### WHAT TO WORK ON:
Omitting the pictures, print every line below exactly as it stands.

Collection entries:
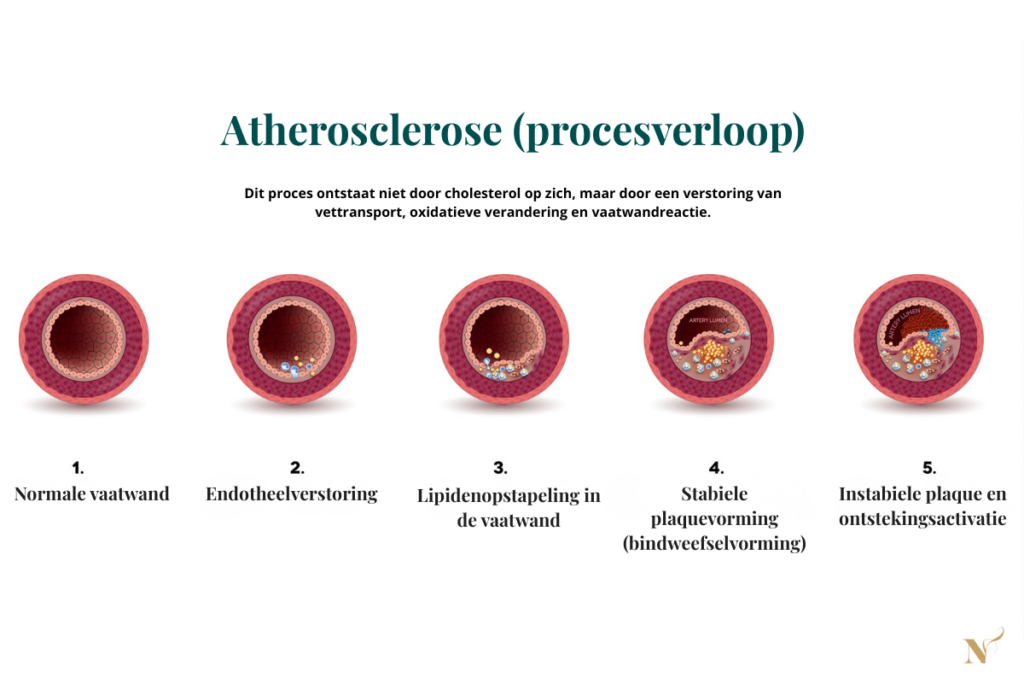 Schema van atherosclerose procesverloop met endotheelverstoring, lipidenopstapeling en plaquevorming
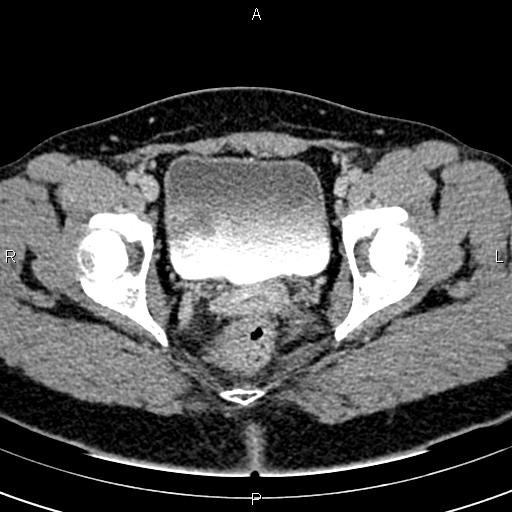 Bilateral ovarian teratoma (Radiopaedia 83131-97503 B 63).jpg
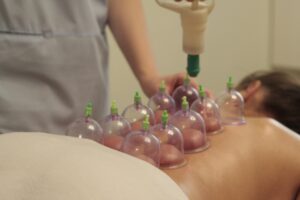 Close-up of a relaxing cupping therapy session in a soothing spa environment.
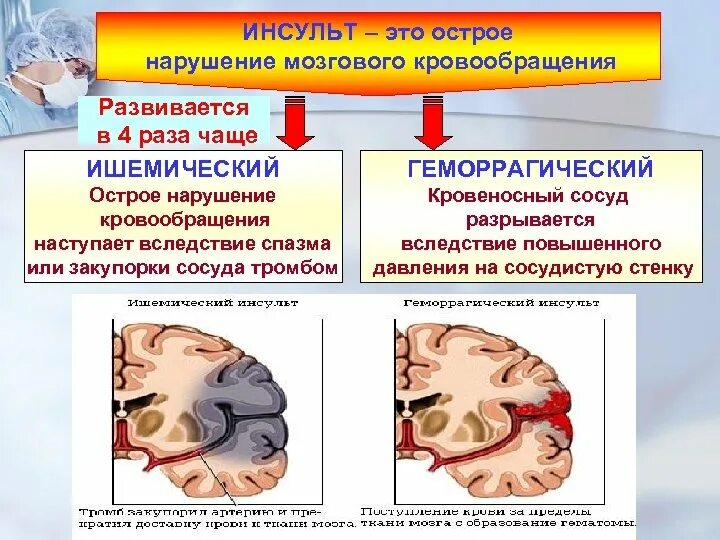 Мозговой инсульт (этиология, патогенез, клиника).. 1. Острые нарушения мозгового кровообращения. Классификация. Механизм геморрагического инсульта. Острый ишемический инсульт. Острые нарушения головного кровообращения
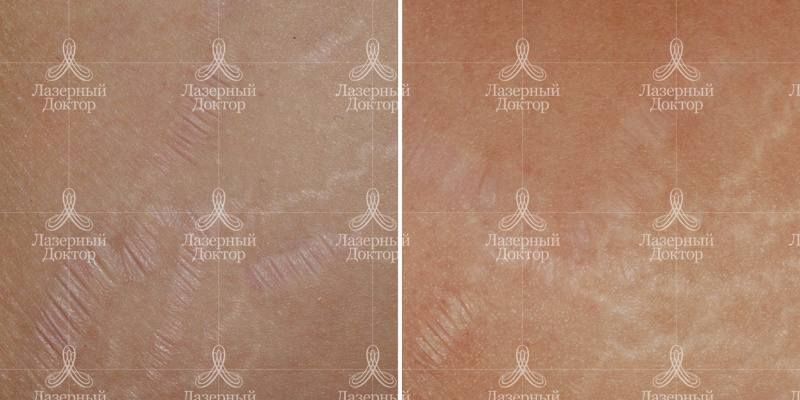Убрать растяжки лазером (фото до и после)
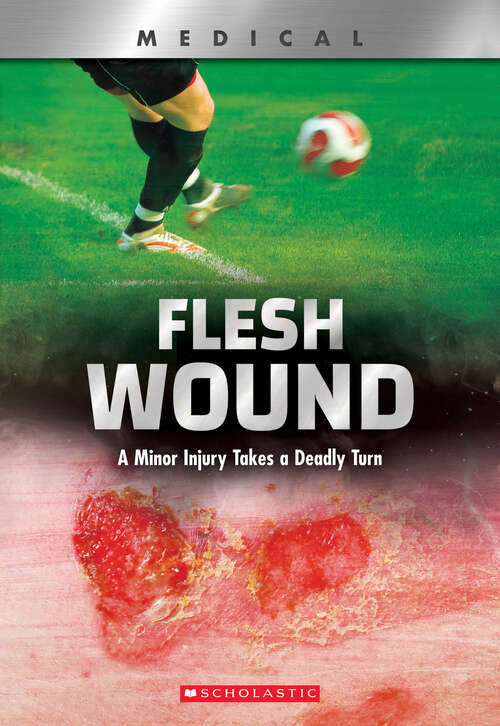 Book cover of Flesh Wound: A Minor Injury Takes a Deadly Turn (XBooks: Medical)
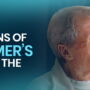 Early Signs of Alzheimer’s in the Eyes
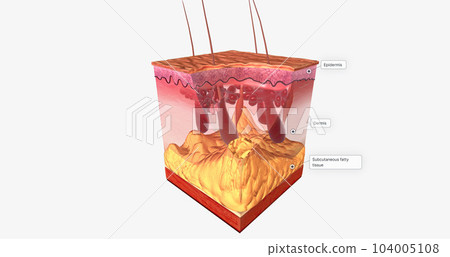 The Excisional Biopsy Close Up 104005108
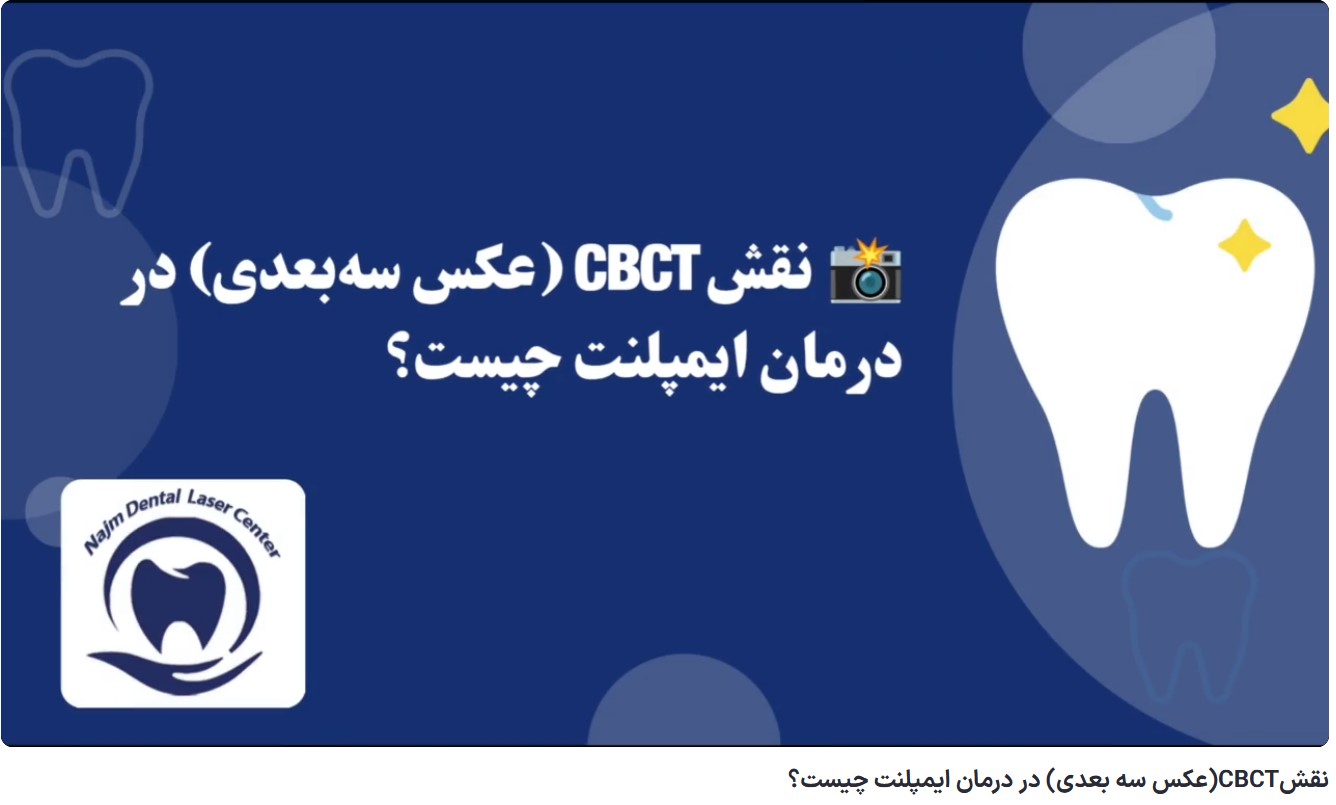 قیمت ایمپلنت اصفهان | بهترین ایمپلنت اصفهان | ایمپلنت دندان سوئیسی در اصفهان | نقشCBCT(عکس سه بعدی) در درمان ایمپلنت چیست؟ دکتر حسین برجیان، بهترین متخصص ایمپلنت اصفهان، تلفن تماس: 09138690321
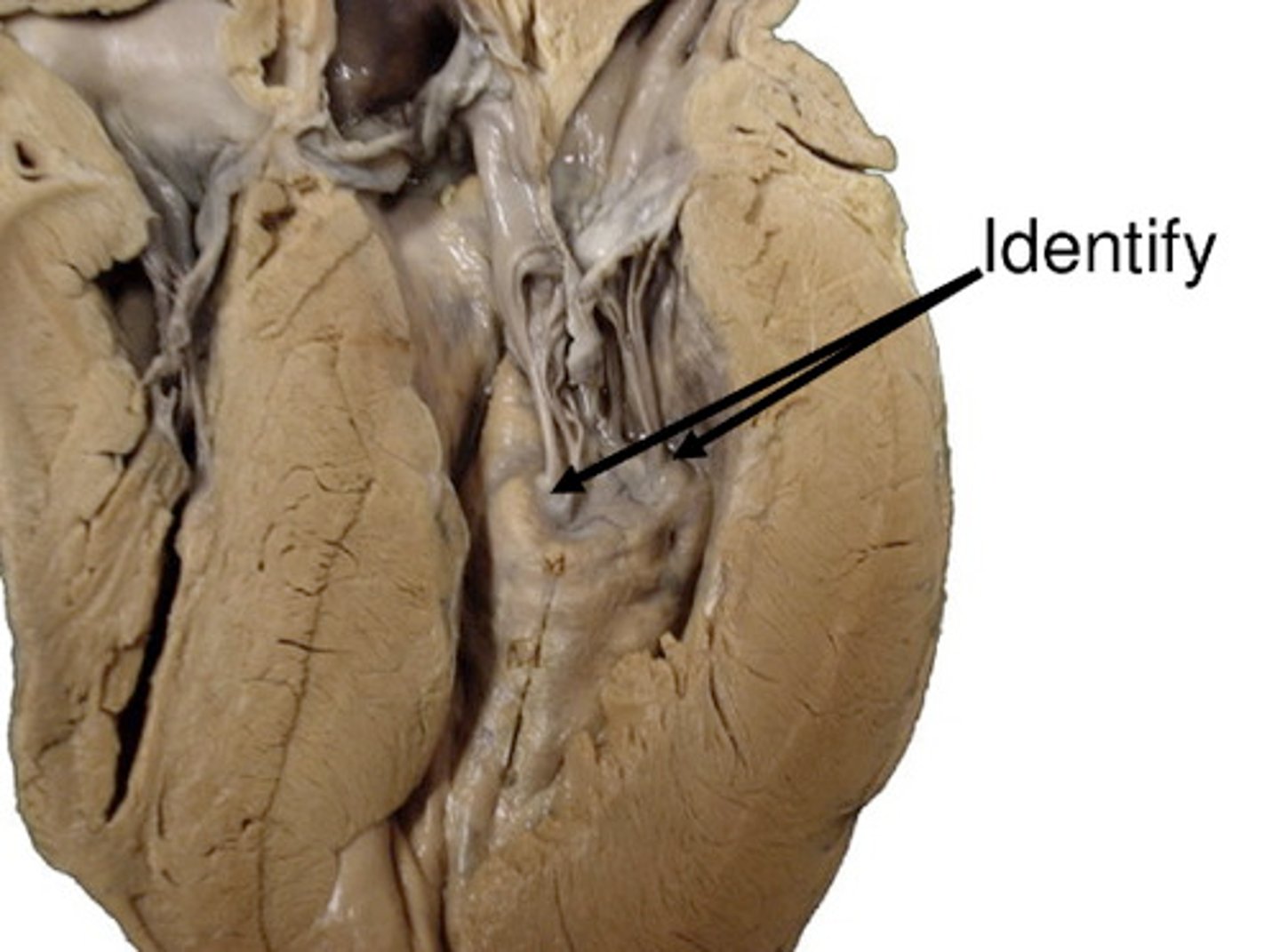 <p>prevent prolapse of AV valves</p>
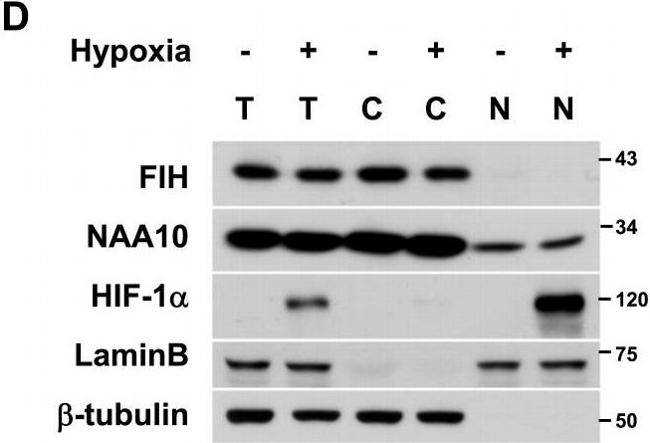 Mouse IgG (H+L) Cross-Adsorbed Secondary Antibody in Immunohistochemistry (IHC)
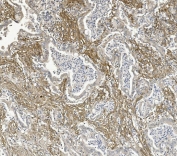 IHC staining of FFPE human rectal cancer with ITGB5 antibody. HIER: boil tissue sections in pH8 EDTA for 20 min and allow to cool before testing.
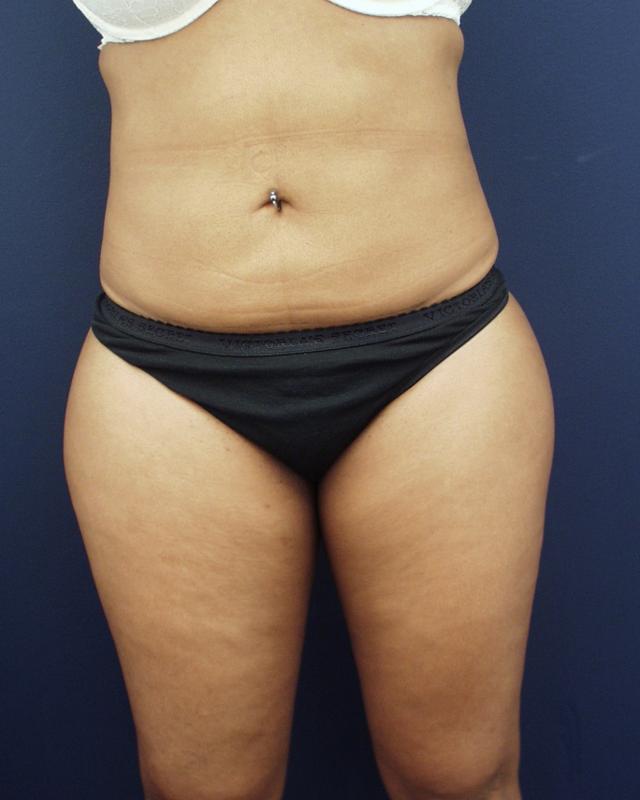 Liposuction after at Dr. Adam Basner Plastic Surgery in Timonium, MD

### THE COMPLETED TASK:
 Schema van atherosclerose procesverloop met endotheelverstoring, lipidenopstapeling en plaquevorming
 Bilateral ovarian teratoma (Radiopaedia 83131-97503 B 63).jpg
 Close-up of a relaxing cupping therapy session in a soothing spa environment.
 Мозговой инсульт (этиология, патогенез, клиника).. 1. Острые нарушения мозгового кровообращения. Классификация. Механизм геморрагического инсульта. Острый ишемический инсульт. Острые нарушения головного кровообращения
Убрать растяжки лазером (фото до и после)
 Book cover of Flesh Wound: A Minor Injury Takes a Deadly Turn (XBooks: Medical)
 Early Signs of Alzheimer’s in the Eyes
 The Excisional Biopsy Close Up 104005108
 قیمت ایمپلنت اصفهان | بهترین ایمپلنت اصفهان | ایمپلنت دندان سوئیسی در اصفهان | نقشCBCT(عکس سه بعدی) در درمان ایمپلنت چیست؟ دکتر حسین برجیان، بهترین متخصص ایمپلنت اصفهان، تلفن تماس: 09138690321
 <p>prevent prolapse of AV valves</p>
 Mouse IgG (H+L) Cross-Adsorbed Secondary Antibody in Immunohistochemistry (IHC)
 IHC staining of FFPE human rectal cancer with ITGB5 antibody. HIER: boil tissue sections in pH8 EDTA for 20 min and allow to cool before testing.
 Liposuction after at Dr. Adam Basner Plastic Surgery in Timonium, MD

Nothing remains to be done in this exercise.